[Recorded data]
==================================================
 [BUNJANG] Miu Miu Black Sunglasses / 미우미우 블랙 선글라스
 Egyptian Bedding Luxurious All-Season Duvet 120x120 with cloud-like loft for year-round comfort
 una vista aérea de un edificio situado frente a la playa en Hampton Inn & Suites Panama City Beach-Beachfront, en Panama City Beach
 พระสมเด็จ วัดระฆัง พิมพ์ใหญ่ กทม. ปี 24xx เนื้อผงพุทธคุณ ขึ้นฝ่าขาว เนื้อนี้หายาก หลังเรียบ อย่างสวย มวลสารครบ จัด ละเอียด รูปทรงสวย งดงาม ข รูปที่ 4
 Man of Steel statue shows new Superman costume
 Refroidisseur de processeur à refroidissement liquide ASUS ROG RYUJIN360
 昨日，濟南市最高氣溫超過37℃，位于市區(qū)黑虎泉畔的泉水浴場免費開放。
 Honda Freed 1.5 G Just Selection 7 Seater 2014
==================================================
Task to complete = Nothing in the records may change; output all of them exactly.

Response to the exercise =
 [BUNJANG] Miu Miu Black Sunglasses / 미우미우 블랙 선글라스
 Egyptian Bedding Luxurious All-Season Duvet 120x120 with cloud-like loft for year-round comfort
 una vista aérea de un edificio situado frente a la playa en Hampton Inn & Suites Panama City Beach-Beachfront, en Panama City Beach
 พระสมเด็จ วัดระฆัง พิมพ์ใหญ่ กทม. ปี 24xx เนื้อผงพุทธคุณ ขึ้นฝ่าขาว เนื้อนี้หายาก หลังเรียบ อย่างสวย มวลสารครบ จัด ละเอียด รูปทรงสวย งดงาม ข รูปที่ 4
 Man of Steel statue shows new Superman costume
 Refroidisseur de processeur à refroidissement liquide ASUS ROG RYUJIN360
 昨日，濟南市最高氣溫超過37℃，位于市區(qū)黑虎泉畔的泉水浴場免費開放。
 Honda Freed 1.5 G Just Selection 7 Seater 2014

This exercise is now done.